_Work to complete_
The line with "Berrak Bag Evi" marks the first line to copy, and the line with "Szklarska Przystan - Blisko" marks the last. Transcribe that stretch of the data below exactly, without pictures.

_Material to process_
┌────────

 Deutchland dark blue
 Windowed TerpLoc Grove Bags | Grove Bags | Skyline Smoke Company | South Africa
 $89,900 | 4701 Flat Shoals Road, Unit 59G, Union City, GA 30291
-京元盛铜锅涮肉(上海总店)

└────────
┌────────

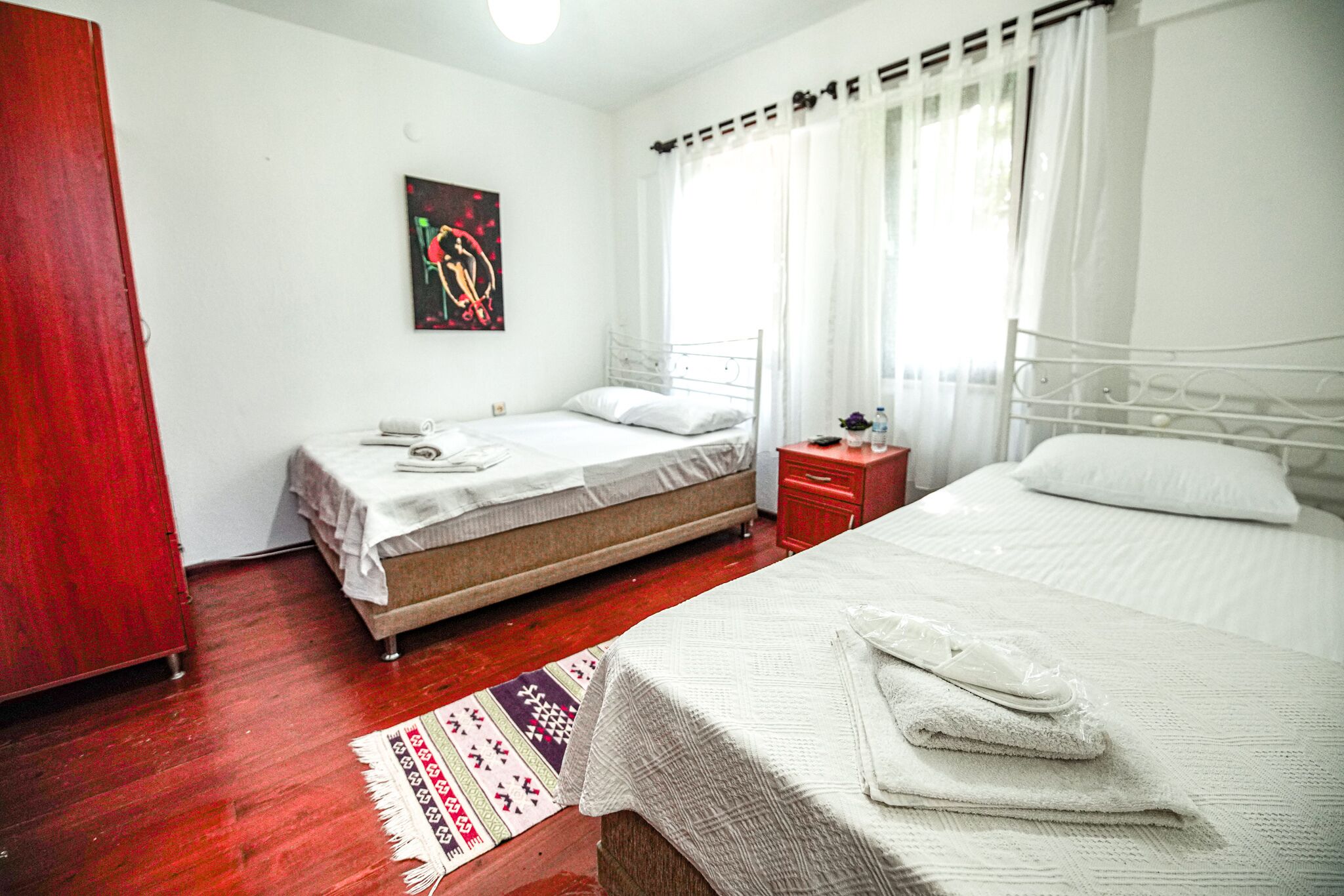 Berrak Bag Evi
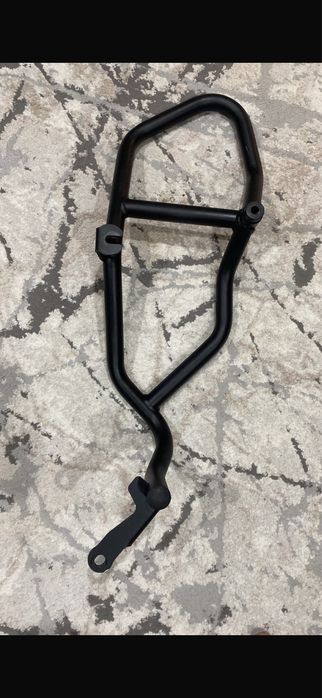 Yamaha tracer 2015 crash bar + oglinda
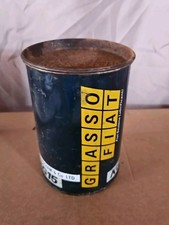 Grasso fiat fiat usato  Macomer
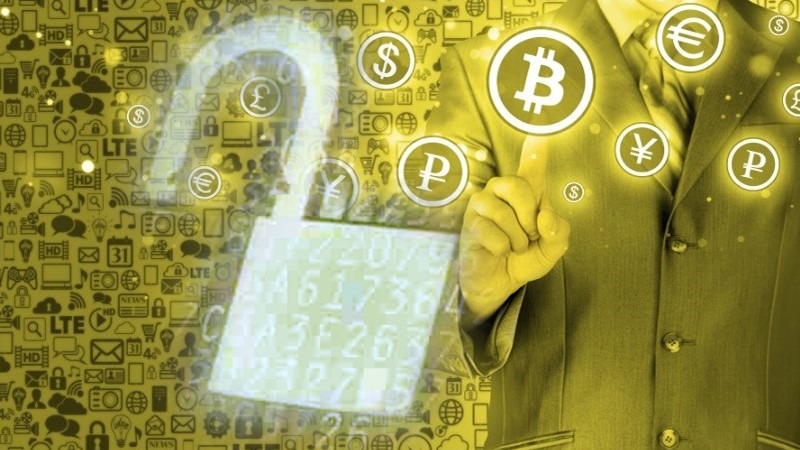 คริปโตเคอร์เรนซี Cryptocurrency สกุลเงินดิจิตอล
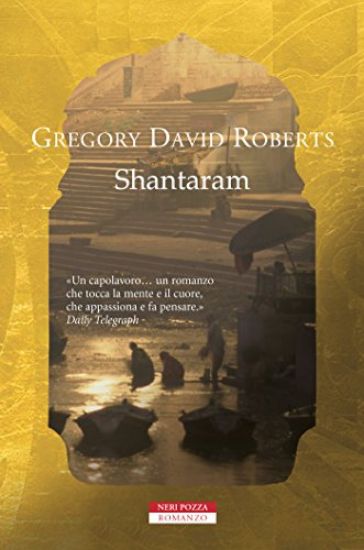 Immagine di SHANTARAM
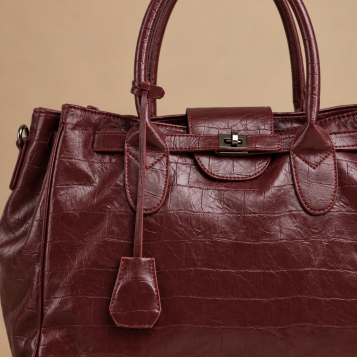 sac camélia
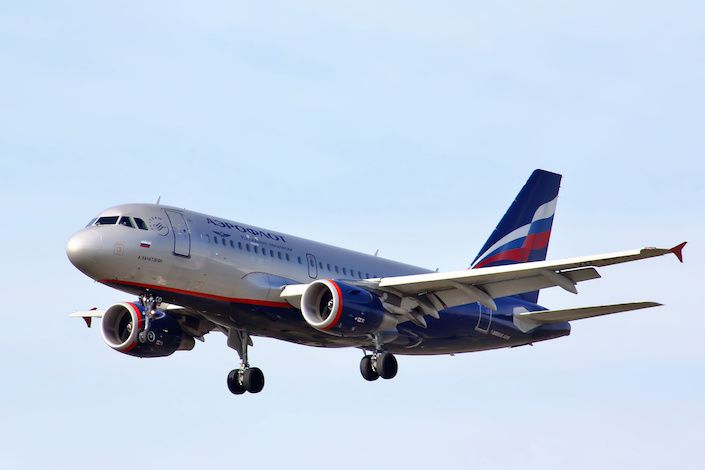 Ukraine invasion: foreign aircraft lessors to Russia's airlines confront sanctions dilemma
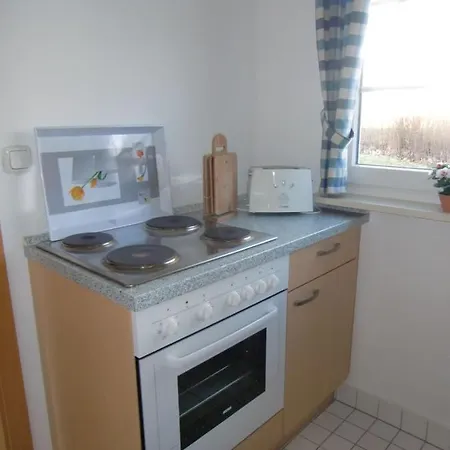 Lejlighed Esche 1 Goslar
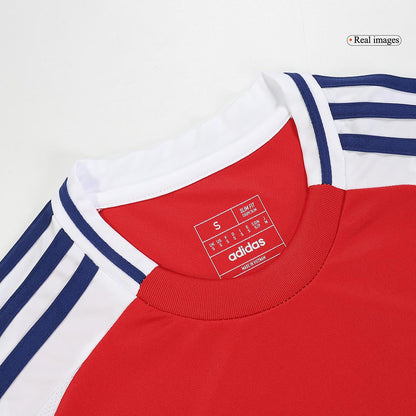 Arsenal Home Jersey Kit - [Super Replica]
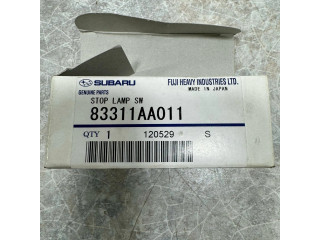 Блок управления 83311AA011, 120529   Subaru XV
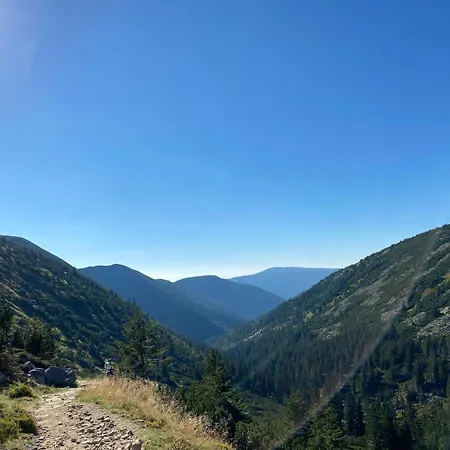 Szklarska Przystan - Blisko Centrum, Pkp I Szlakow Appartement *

└────────
┌────────

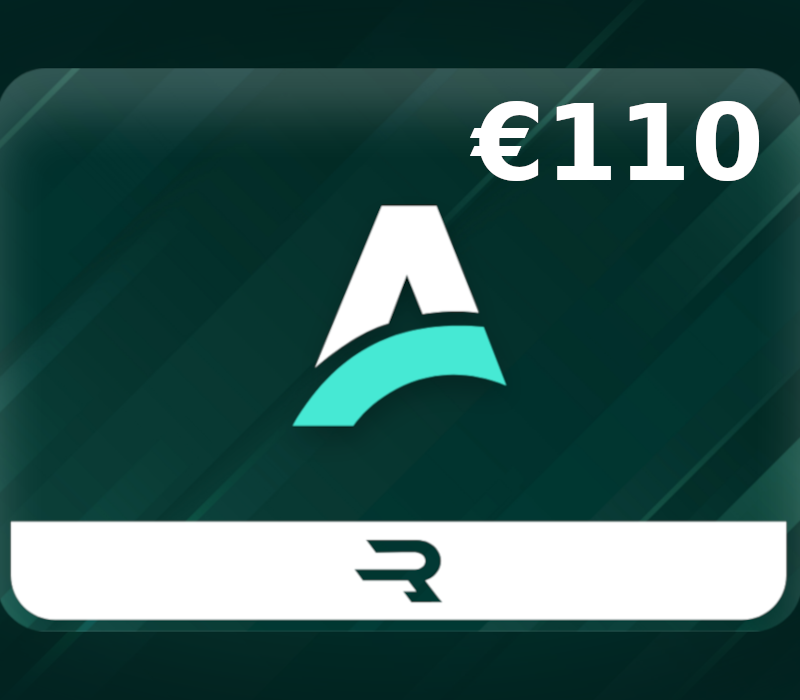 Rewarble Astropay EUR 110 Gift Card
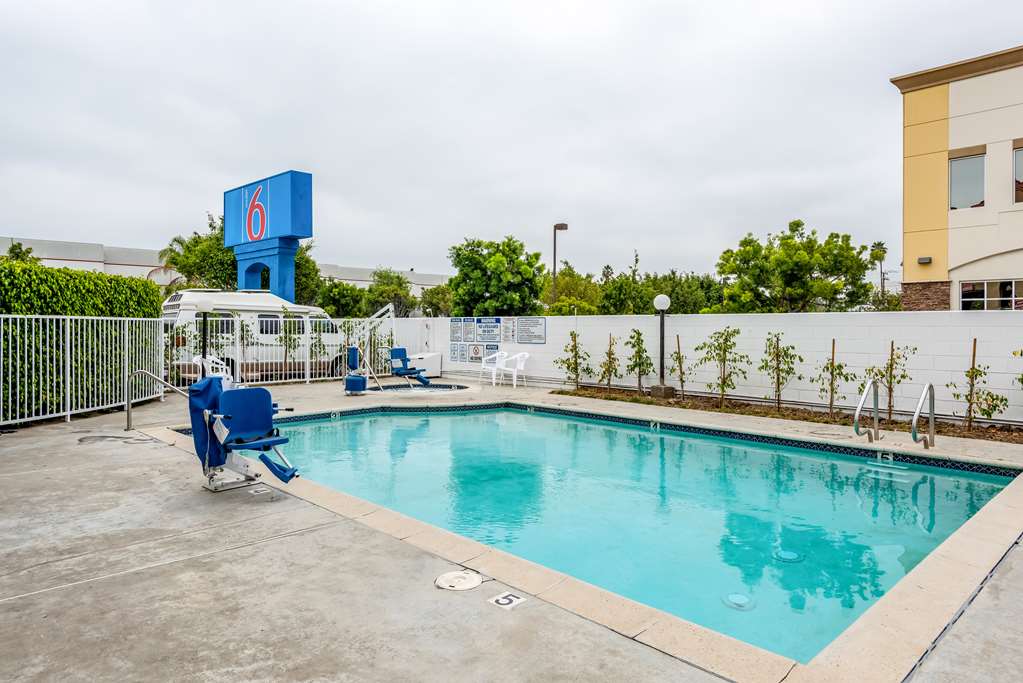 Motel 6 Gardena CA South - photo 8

└────────

_Final answer_
 Berrak Bag Evi
 Yamaha tracer 2015 crash bar + oglinda
 Grasso fiat fiat usato  Macomer
 คริปโตเคอร์เรนซี Cryptocurrency สกุลเงินดิจิตอล
 Immagine di SHANTARAM
 sac camélia
 Ukraine invasion: foreign aircraft lessors to Russia's airlines confront sanctions dilemma
 Lejlighed Esche 1 Goslar
 Arsenal Home Jersey Kit - [Super Replica]
 Блок управления 83311AA011, 120529   Subaru XV
 Szklarska Przystan - Blisko Centrum, Pkp I Szlakow Appartement *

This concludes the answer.